Released on 20 November 1987, Version 4 was a total rewrite, with both look and feel and internal operation much changed. The compiler generated executables in .EXE format under DOS, rather than the simpler but more restricted .COM executables. The by-then obsolete CP/M and CP/M-86 operating system versions were dropped when Turbo Pascal was rewritten. Version 4 introduced units, and a full-screen text user interface with pull-down menus; earlier versions had a text-based menu screen and a separate full-screen editor. (Microsoft Windows was still very experimental when the first version was released, and even mice were rare.) An add-on package, the Turbo Pascal Graphix Toolbox, was available for Turbo Pascal V4.

==== Version 5.0 ====
Colour displays were replacing monochrome; Turbo Pascal version 5.0, released 24 August 1988, introduced blue as the editor's default background color, used by Borland's DOS compilers until the end of this product line in the mid-1990s. It also added debugger support for breakpoints and watches.

==== Version 5.5 ====

This version, released on 2 May 1989, introduced object-oriented programming features for the Pascal language, including concept of classes, static and dynamic objects, constructors and destructors and inheritance, which would become the basis for the Object Pascal found in Borland Delphi. The IDE uses the default blue colour scheme that would also be used on later Borland Turbo products. Other changes to IDE include the addition of context-sensitive help with description of all built-in functions, and the ability to copy code fragments from the help to edit window.

==== Version 6.0 ====

Version 6 was released on 23 October 1990. Changes from 5.5 include: the addition of inline assembly, the addition of the Turbo Vision library, mouse support, clipboard for text manipulations, multiple document interface supporting up to nine edit windows.

==== Version 7.0 ====

Version 7 was released on 27 October 1992. Changes from 6.0 include support for the creation of DOS and Windows executables and Windows DLLs, and syntax highlighting.

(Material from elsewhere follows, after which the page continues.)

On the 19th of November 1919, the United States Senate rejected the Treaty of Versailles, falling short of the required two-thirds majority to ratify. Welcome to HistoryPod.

For version 7 Borland released a professional version of Turbo Pascal, named Borland Pascal.

===Turbo Pascal for Windows===
Two versions named "Turbo Pascal for Windows" (TPW), for Windows 3.x, were released: TPW 1.0, based on Turbo Pascal 6 but released about 2 years later, and 1.5, released after Turbo Pascal 7; they were succeeded by Borland Pascal 7, which had Windows support. The Windows compiler in Pascal 7 was titled Borland Pascal for Windows.

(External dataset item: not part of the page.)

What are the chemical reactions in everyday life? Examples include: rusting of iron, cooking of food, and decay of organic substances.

Both versions built Windows-compatible programs, and featured a Windows-based IDE, as opposed to the DOS-based IDE in Turbo Pascal. The IDE and editor commands conformed to the Microsoft Windows user interface guidelines instead of the classic TP user interface. The support for Windows programs required the Object Windows Library (OWL), similar but not identical to that for the first release of Borland C++, and radically different from the earlier DOS Turbo Vision environment. Turbo Pascal was superseded for the Windows platform by Delphi; the Delphi compiler can produce console programs and graphical user interface (GUI) applications, so that using Turbo and Borland Pascal became unnecessary.

===Turbo Pascal for Macintosh===
Borland released Turbo Pascal for Macintosh in 1986. Much like versions 1 to 3 for other operating systems, it was written in compact assembly language and had a very powerful IDE, but no good debugger. Borland did not support this product very well, although they issued a version 1.1, patched to run on the 32-bit Macintosh II. Macintosh support was dropped soon after.

===Freeware releases===
Borland released several versions of Turbo Pascal as freeware after they became "antique software", with 1.0 for DOS on 1 February 2000, 3.02 on 10 February 2000, 5.5 on 21 February 2002, Turbo Pascal 7.01 French version in year 2000. Most of the downloads are still available on the successor website of Embarcadero Technologies.